The updated timer is set to be 20 msecs in this version - I get the long delays running slower, but this should show the problem.

Thanks for your help, and let me know if you have any questions.

Greg

---

Hi Greg,

hmmmm, I'm not sure if are talking about the same...

When I take your example, adding an FPS counter (like in the Graphics Accelerator demo) and put it on a STM32F469 Discovery Board I get constant 20 frames per second. This means, that drawing the graph with more than 150 coordinates including screen update takes less than 50 ms.

If you want to draw a graph with 35 coordinates within 200 ms - this should not be a problem.

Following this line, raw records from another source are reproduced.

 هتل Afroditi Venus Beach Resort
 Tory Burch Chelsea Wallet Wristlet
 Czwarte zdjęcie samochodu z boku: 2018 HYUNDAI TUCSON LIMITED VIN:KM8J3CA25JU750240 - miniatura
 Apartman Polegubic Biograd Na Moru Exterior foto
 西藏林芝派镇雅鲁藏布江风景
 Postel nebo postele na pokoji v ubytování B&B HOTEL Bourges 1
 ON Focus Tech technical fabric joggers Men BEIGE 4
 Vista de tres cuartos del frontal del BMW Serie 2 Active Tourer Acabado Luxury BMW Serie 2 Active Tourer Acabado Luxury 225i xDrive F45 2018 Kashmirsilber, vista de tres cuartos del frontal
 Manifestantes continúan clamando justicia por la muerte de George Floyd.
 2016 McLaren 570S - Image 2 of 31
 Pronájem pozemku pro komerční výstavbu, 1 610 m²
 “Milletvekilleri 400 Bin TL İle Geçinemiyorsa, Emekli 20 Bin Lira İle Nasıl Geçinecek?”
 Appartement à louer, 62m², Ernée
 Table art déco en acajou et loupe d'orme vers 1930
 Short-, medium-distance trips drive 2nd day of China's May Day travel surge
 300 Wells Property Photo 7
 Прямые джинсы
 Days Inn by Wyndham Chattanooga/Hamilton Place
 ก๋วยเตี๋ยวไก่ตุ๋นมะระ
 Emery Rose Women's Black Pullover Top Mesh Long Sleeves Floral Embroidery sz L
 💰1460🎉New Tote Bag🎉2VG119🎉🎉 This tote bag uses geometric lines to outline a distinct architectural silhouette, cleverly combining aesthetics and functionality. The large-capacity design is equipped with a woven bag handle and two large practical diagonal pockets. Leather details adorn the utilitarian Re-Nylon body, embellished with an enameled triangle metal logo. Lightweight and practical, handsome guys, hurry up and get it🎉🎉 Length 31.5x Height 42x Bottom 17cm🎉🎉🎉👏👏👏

What do you mean with delay?

Another thing: Within this week we will release Embedded Wizard version 9.0 - which contains a new feature: Vector Graphics. This may simplify your project and potentially increase the performance...

Best regards,

Manfred.

---

Hi Manfred,

I've attached an updated version that goes into the mode of graph updates we're using. You should see the graph move across the page. I've also attached a modified version of the Charts.c file that EmW generates. What I see on our target (a custom board with a STM32F469 ) is that the waveform slows down as it scrolls across the page, and the delay is in the ChartsGraph_Draw function in the places I've added the delay calculations. Loop iterations usually take less than a msec, but will occasionally take more than 20 msecs.

I hope this is clearer, but let me know if there's anything else I can tell you.

We can try the vector graphics when it comes out, too.

Greg

https://ask.embedded-wizard.de/?qa=blob&qa_blobid=6284784978222892769

 

---

Hi Greg,

if you are using a custom board, then the situation may be a different one. How is the display connected - DSI or RGB parallel?

Please consider, if a display is refreshed with 50 Hz, redrawing of the screen is limited to 20 ms. If the system is operating in double-buffering mode (which is the typical case), then the drawing of the different screens is synchronized to the display frame rate. This means, when drawing is fast enough, the system has to wait until the framebuffers are exchanged. In case of a bare metal implementation, the CPU is waiting in a loop, in case of an operating system, the CPU time is given to other tasks.

Maybe you recognized this waiting time as delay?

Manfred.

---

Hi,

As you suggest, I suspect we're running out of CPU cycles when processing our waveform.

To answer your hardware questions, our display is connected via parallel RGB, with external static RAM used for the frame buffer. We don't store anything else in this RAM. Our system clock is about 144 MHz, and the RAM is clocked at half that rate. We could go a little faster, but I'm not sure it would make much difference. We use the LTDC on the STM32F469 hardware and graphics acceleration is turned on.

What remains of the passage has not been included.